■ **About this exercise**
Below is a listing. Quote from it, exactly, the lines from the one containing "Hi, this is" down to the one containing "What's Stronger? A", both ends included, and nothing else.
Source information below:
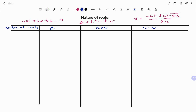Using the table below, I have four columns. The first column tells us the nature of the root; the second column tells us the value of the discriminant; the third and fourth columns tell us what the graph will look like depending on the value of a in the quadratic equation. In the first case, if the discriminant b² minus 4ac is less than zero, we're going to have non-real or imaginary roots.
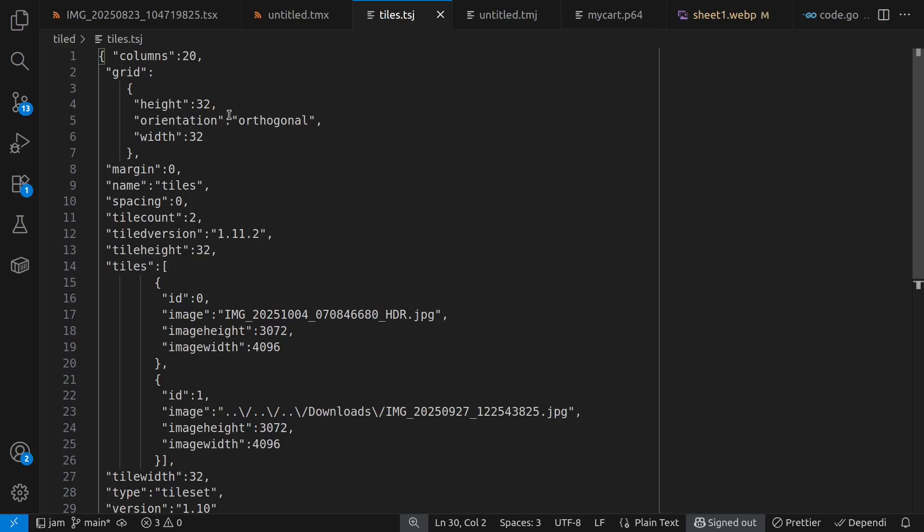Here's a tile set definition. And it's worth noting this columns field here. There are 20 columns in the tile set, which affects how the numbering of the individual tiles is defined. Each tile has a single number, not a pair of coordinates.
End of Source information.
Source information below:
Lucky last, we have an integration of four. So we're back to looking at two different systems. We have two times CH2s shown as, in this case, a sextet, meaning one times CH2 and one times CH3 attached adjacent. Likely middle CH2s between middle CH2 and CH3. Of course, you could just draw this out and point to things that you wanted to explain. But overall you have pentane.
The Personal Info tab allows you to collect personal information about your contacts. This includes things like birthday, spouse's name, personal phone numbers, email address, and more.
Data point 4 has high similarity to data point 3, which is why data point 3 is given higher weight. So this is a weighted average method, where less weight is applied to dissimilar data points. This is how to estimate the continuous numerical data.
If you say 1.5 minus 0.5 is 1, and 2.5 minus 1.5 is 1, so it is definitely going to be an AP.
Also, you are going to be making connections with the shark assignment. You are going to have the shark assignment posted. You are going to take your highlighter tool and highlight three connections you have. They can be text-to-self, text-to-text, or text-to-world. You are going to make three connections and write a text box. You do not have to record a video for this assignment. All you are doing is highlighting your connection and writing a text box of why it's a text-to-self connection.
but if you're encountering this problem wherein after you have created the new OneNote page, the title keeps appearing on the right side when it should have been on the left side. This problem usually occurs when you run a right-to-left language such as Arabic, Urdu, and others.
End of Source information.
Source information below:
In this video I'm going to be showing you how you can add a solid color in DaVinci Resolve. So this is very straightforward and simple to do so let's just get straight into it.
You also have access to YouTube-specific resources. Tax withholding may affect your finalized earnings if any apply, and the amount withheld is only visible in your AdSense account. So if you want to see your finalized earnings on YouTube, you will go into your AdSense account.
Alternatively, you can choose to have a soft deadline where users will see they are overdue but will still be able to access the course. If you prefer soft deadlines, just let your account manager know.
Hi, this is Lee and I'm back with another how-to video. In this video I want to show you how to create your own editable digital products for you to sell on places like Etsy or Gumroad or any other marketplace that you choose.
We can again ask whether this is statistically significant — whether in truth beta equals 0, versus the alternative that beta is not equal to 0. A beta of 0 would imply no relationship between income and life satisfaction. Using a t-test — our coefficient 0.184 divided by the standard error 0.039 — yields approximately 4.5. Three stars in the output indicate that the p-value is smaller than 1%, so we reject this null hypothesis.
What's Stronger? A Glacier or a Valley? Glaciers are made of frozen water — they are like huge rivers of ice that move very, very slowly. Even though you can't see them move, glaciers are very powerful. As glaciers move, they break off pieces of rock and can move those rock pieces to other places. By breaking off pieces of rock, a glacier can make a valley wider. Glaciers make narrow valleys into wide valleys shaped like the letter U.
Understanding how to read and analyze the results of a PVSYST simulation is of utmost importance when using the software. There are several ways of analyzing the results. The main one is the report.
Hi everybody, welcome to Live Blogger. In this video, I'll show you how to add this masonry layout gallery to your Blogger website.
End of Source information.
■ **Your response**
Hi, this is Lee and I'm back with another how-to video. In this video I want to show you how to create your own editable digital products for you to sell on places like Etsy or Gumroad or any other marketplace that you choose.
We can again ask whether this is statistically significant — whether in truth beta equals 0, versus the alternative that beta is not equal to 0. A beta of 0 would imply no relationship between income and life satisfaction. Using a t-test — our coefficient 0.184 divided by the standard error 0.039 — yields approximately 4.5. Three stars in the output indicate that the p-value is smaller than 1%, so we reject this null hypothesis.
What's Stronger? A Glacier or a Valley? Glaciers are made of frozen water — they are like huge rivers of ice that move very, very slowly. Even though you can't see them move, glaciers are very powerful. As glaciers move, they break off pieces of rock and can move those rock pieces to other places. By breaking off pieces of rock, a glacier can make a valley wider. Glaciers make narrow valleys into wide valleys shaped like the letter U.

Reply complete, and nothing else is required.